Et puis, l'économie américaine ne se porte pas trop mal en comparaison du reste du monde. Au dernier trimestre, le produit intérieur brut a augmenté de 4,9%. En dépit de tous les pronostics pessimistes et surtout de toutes les hausses des taux directeurs de la Fed, de nombreux emplois ont été créés.
La perception. Il est extrêmement difficile de vulgariser cette bonne santé économique au grand public. (Croyez-moi, je sais de quoi je parle.) Et c'est particulièrement vrai lorsqu'il s'agit de l'inflation. Car celle-ci a effectivement fait un bond au cours des deux dernières années. La raison? Les chaînes d'approvisionnement mondiales se sont brisées et il fallait éviter la récession, en mettant en déployant des plans d'aide massifs.
Certes, ce fut possible, mais il y a un prix à payer. Bien que l'inflation soit en train de diminuer – elle est actuellement de 3,7%, le renchérissement est toujours perceptible pour les consommateurs.

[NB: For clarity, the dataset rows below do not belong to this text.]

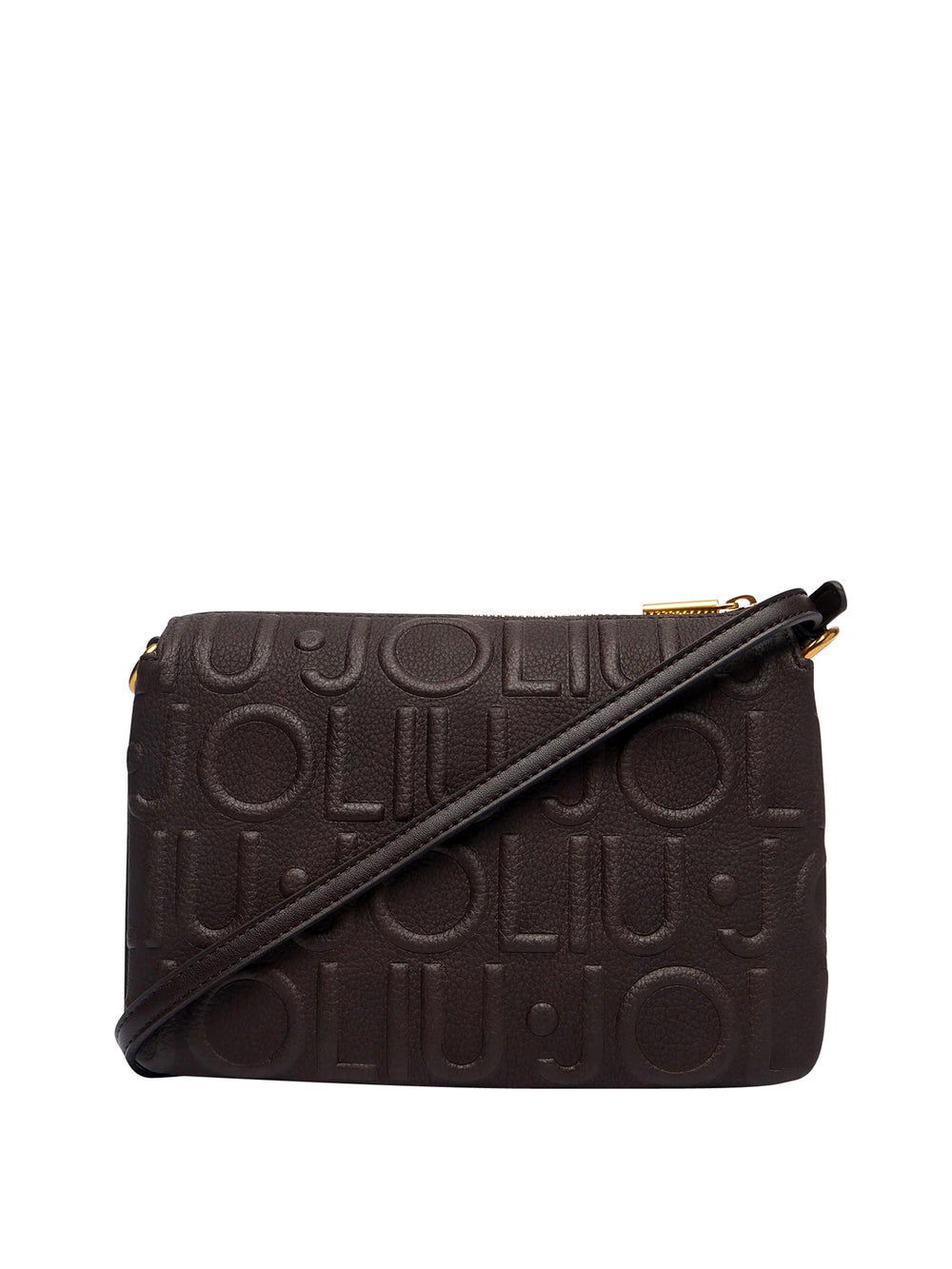 Liu Jo Borsa A Tracolla Logo Piccola Liu Jo - Marrone Scuro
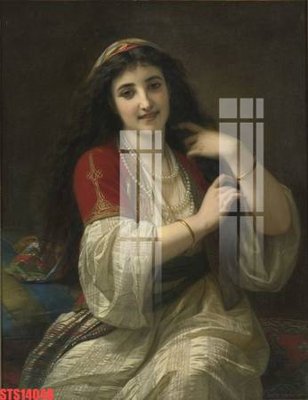 File in mica Tranh sơn dầu phương tây tổng hợp STS14048 (bản gốc) làm vách ngăn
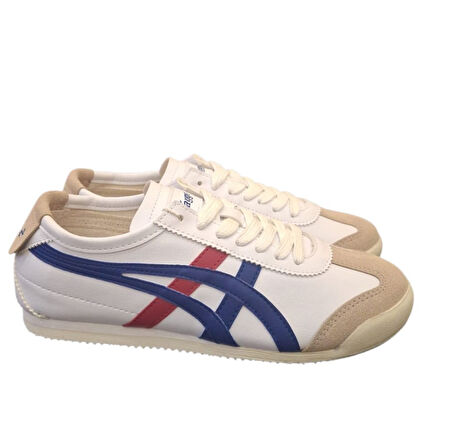 Etayger E-2013 Beyaz Mavi Sneaker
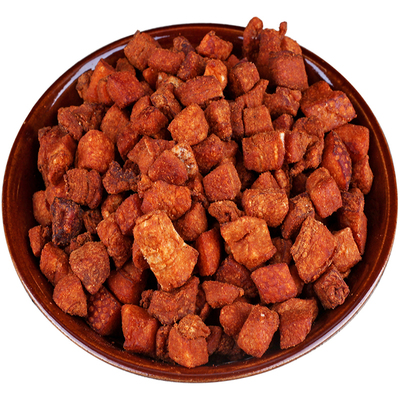 贵州遵义特色美食脆哨猪肉油渣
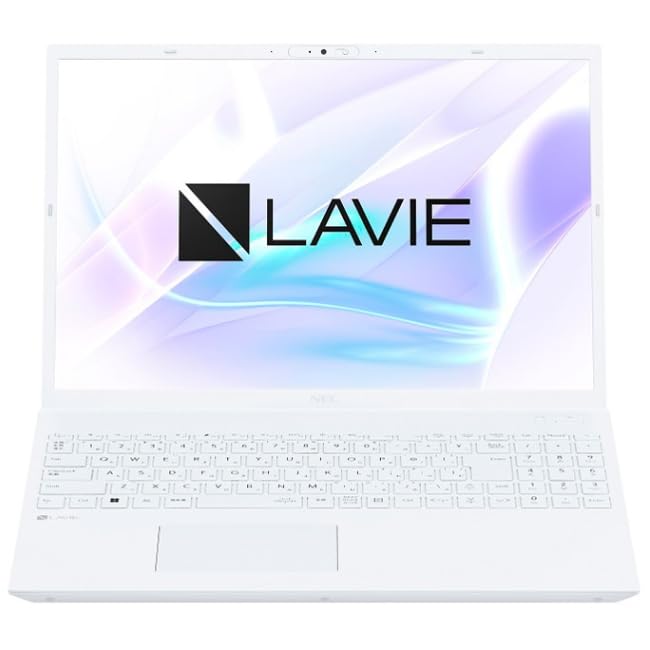 NEC LAVIE N16 Laptop with Windows 11 Core 16GB 256GB DVD Super Bluetooth with Privacy Japanese WUXGA and Genuine NEC Home, 64-bit, i3-1215U, SSD,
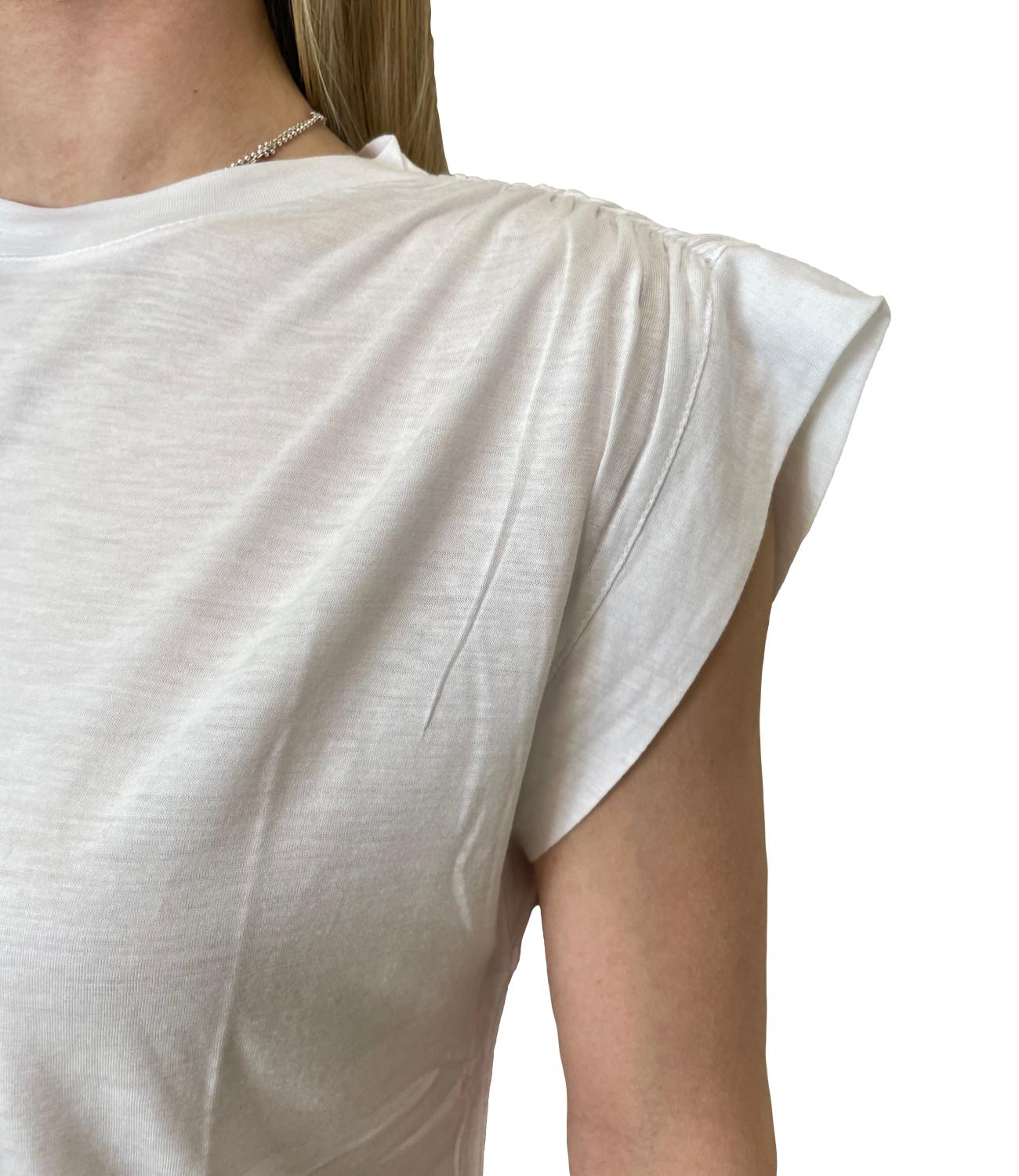 Guess Maglia Pure White Donna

Surtout en ce qui concerne le prix de l'essence et les produits comme le lait, les œufs ou le jambon. Résultat, l'Américain moyen accuse le gouvernement. Il ne sait pas – et ne veut pas savoir – que l'inflation permet de garder l'économie du pays à flot.
Sans compter qu'aux États-Unis, le moral est dans les chaussettes. En plus d'un porte-monnaie qui est rudoyé, le taux de criminalité, l'immigration massive, les nombreux sans-abris et les ravages de la drogue viennent peser sur le moral. Bien qu'il n'en soit que partiellement responsable, Joe Biden doit en assumer l'entière responsabilité. Or, c'est très compliqué de lutter contre un blues généralisé.
Toutefois, dans les urnes, la majorité des électeurs rechignent à soutenir la meute MAGA. On a pu une fois l'observer mardi, et ça donne du courage aux démocrates. A cela s'ajoute le fait que les républicains prouvent qu'ils n'ont pas tant envie d'apprendre de leurs erreurs. Au contraire, ils deviennent de plus en plus extrêmes en matière d'avortement et de législation sur les armes – et donc inéligibles.
Enfin, la victoire d'Andy Beshear le pragmatique, dans le Kentucky, a montré aux démocrates la voie à suivre pour battre Trump. Le gouverneur réélu a surtout mis en valeur les mérites du gouvernement, les médicaments moins chers, les investissements dans les infrastructures et les nouveaux emplois qu'apportera une énorme usine de batteries.
Simon Rosenberg, un stratège démocrate, expliquait d'ailleurs au Financial Time que «nous savons que le taux d'approbation de Biden augmente lorsque les gens sont informés. C'est à ça que servent les campagnes. Je suis confiant dans notre capacité à raconter notre histoire». Ils ont désormais moins d'un an pour y parvenir.